Таковы привилегии, которые дает власть, но удивительно: за исключением людей искусства и диктаторов, мало кто даже из президентов компаний отваживается сказать миру, что он думает. Полицейский комиссар Нью-Йорка Кеннеди, безусловно сумевший выбиться в люди, поплатился некоторое время назад за то, что откровенно высказал свое мнение по поводу религиозных убеждений полицейских-евреев. Комиссар — не антисемит, это всем известно. Тем не менее нью-йоркский совет раввинов счел себя обязанным потребовать от Кеннеди, чтобы он взял свои слова обратно, и мэр Вагнер по формальным причинам это требование поддержал. Оказывается, совсем не просто говорить то, что думаешь. Даже люди искусства ищут прикрытия, маскируясь под банковских служащих и вуалируя свои высказывания. Остаются одни диктаторы. (Случайное ли это совпадение, что Эмили Пост умерла во время визита Хрущева?)
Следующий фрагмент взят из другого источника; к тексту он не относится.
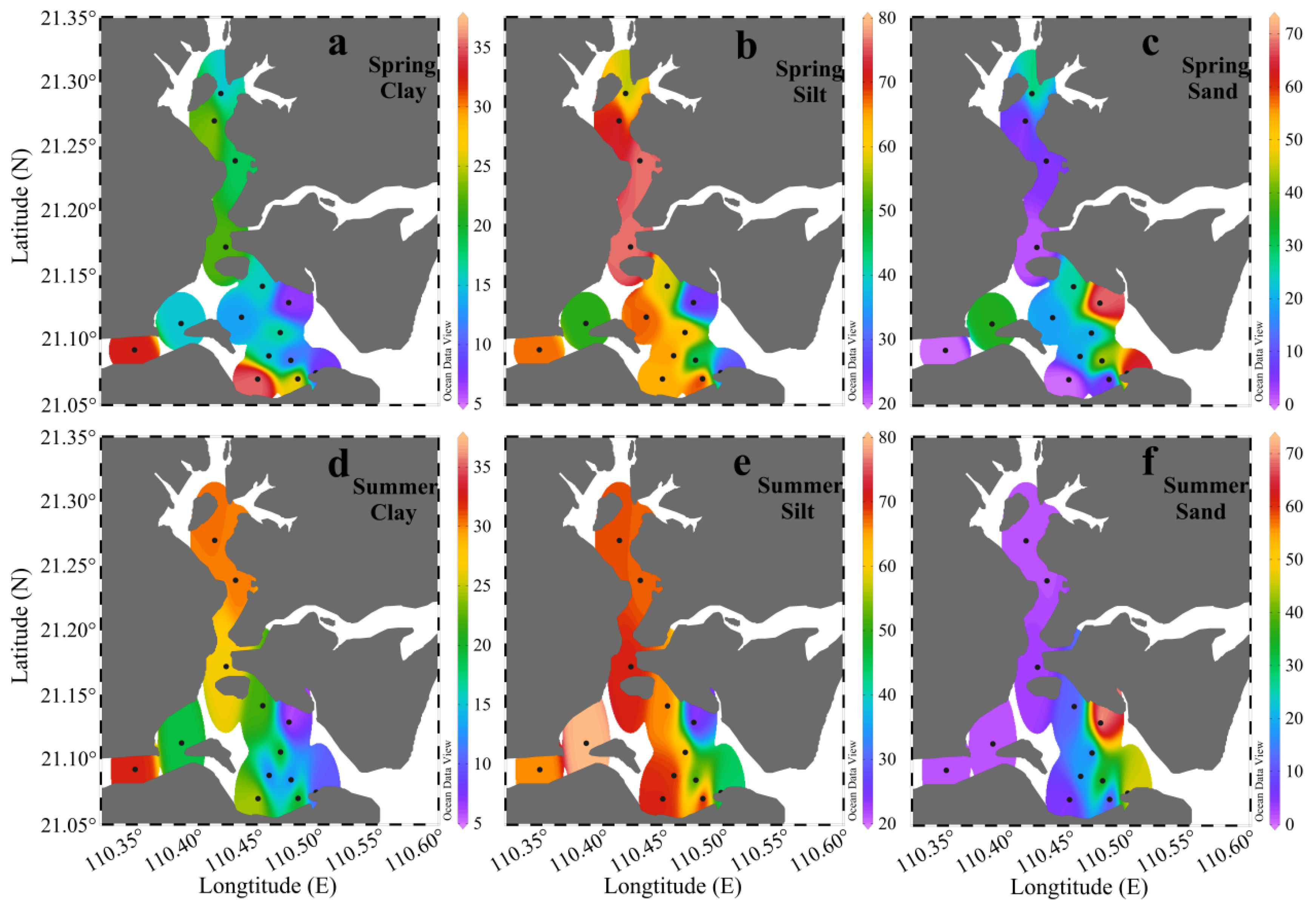 Ijerph 17 01362 g003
Перемежая маску улыбчивого крестьянского добродушия с маской злости, русский премьер-министр выпускает на волю свои глубочайшие эмоции, и если они не потрясают нас, то потому только, что мы утратили непосредственный контакт с реальностью. На Западе связь между мнением, чувством и телесным движением нарушена. Мы лишились выразительной силы. Хрущев виртуозно пользуется этой силой, демагогически эксплуатируя свое русско-крестьянское происхождение. Эмоции у него всегда наготове, и, хотя он лжет, он имеет перед нами преимущество. Принципы западного либерализма больше не претворяются в эффективное действие. Лишенные выразительной силы, мы благоговейно трепещем перед ней, мы жаждем ее и в то же время боимся. Мы хвалим скучное достоинство наших тихоречивых лидеров, но в глубине души питаем слабость к вспышкам страсти, даже когда эти вспышки притворны и демагогичны. «В растерянности лучшие, а худших / Переполняет бешеная страсть».
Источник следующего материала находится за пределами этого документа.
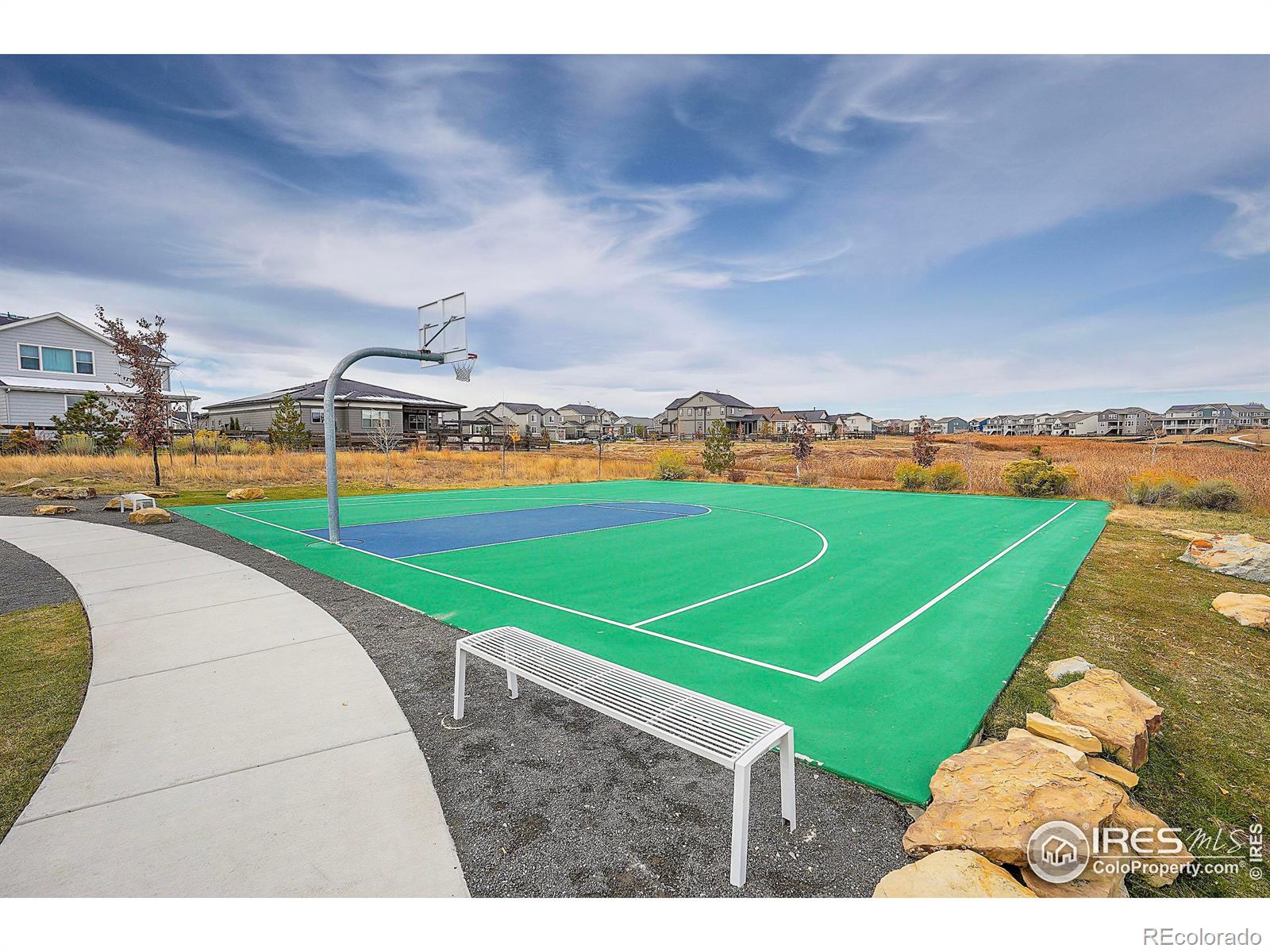 MLS Image #37 for 5079  lake terrace lane,firestone, Colorado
Временами Хрущев выходит за грань гоголевского комизма; не всегда в этом человеке можно разглядеть черты симпатичного мошенника, который любит вволю покушать рыбки и масленых блинов. Гоголевский Чичиков на радостях от удачной аферы скачет по комнате вдали от людских очей. Хрущев изображает канкан на глазах у мировой общественности с нутряным весельем злобного гнома. Перед нами человек, которого сложными течениями людских воль вынесло в такое место, откуда рукой подать до власти над миром. В эпоху, когда видные деятели демонстрируют лишь смешанные — вторичные и третичные — цвета из спектра человеческих свойств, он не показывает нам иных цветов, кроме первичных. То ли он выставляет на всеобщее обозрение свои подлинные инстинкты, то ли, как растленный и хитрый старик Карамазов у Достоевского, юродствует, разыгрывая простодушие.